Without changing a word, repeat the data, and include no pictures.
==== Provided data ====
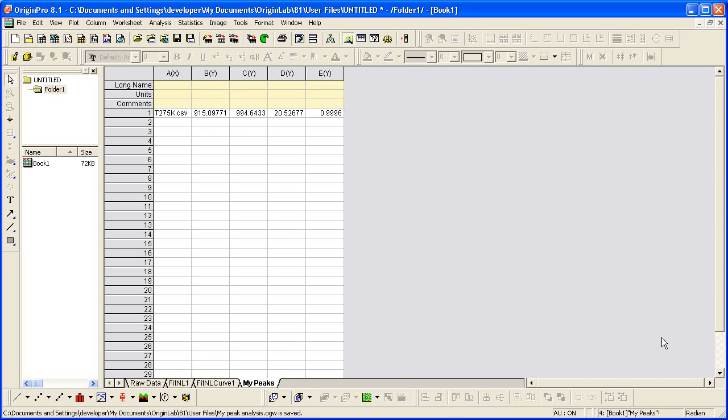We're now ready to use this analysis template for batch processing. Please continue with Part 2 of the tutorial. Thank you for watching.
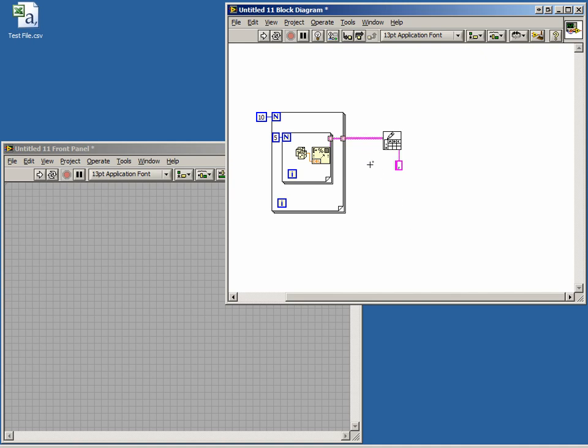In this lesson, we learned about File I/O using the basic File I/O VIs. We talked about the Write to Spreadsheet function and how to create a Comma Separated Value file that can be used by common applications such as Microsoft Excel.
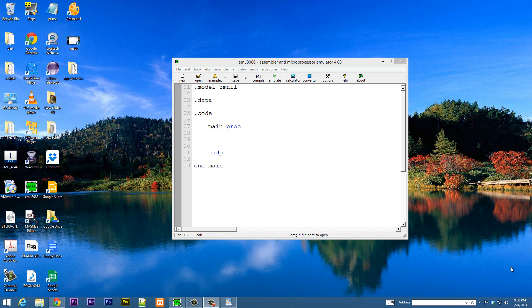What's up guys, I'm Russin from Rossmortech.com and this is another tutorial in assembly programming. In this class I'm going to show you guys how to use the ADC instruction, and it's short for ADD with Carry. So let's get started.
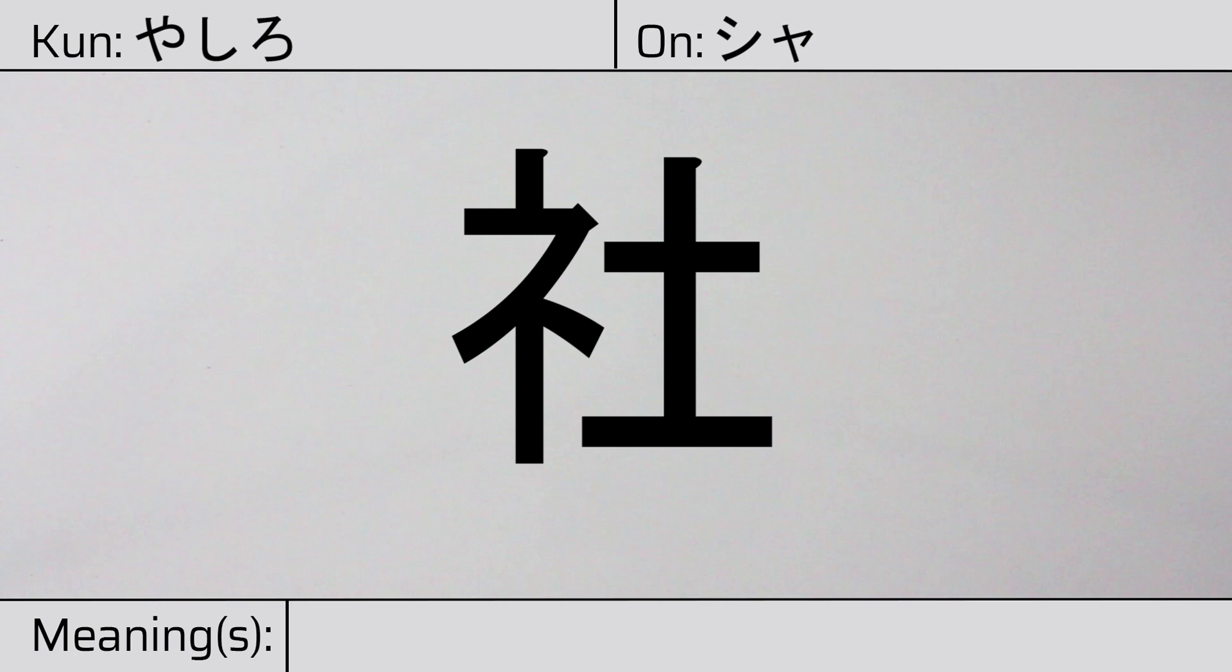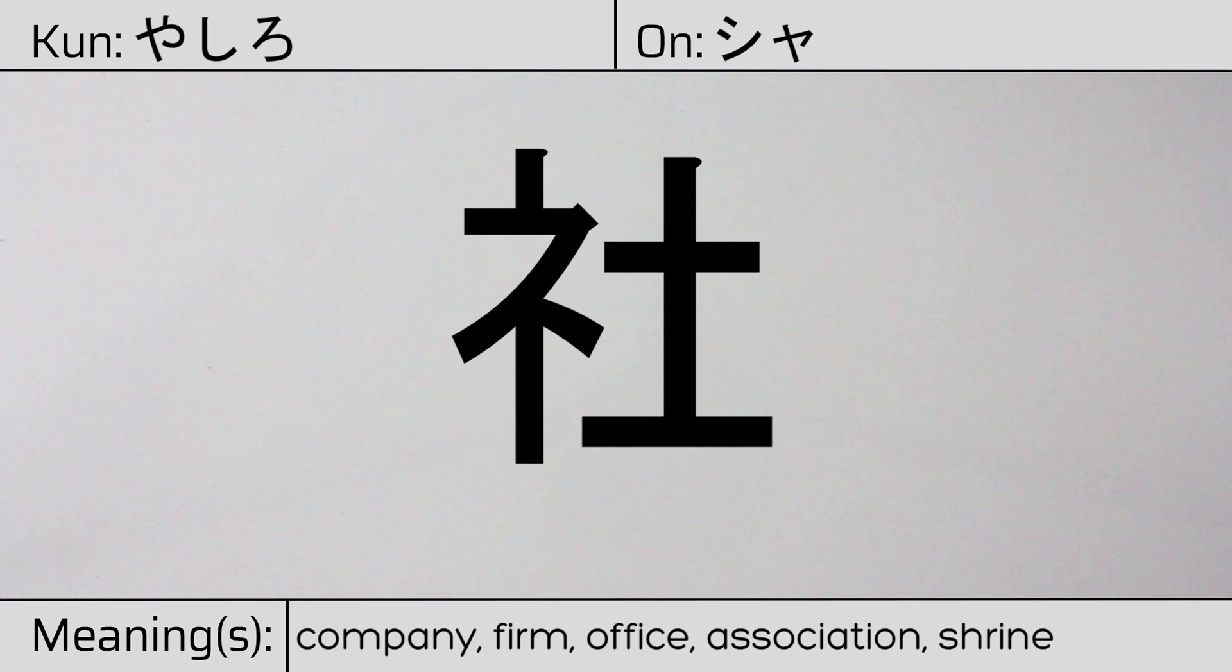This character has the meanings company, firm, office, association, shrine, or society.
====
- Solution below
We're now ready to use this analysis template for batch processing. Please continue with Part 2 of the tutorial. Thank you for watching.
In this lesson, we learned about File I/O using the basic File I/O VIs. We talked about the Write to Spreadsheet function and how to create a Comma Separated Value file that can be used by common applications such as Microsoft Excel.
What's up guys, I'm Russin from Rossmortech.com and this is another tutorial in assembly programming. In this class I'm going to show you guys how to use the ADC instruction, and it's short for ADD with Carry. So let's get started.
This character has the meanings company, firm, office, association, shrine, or society.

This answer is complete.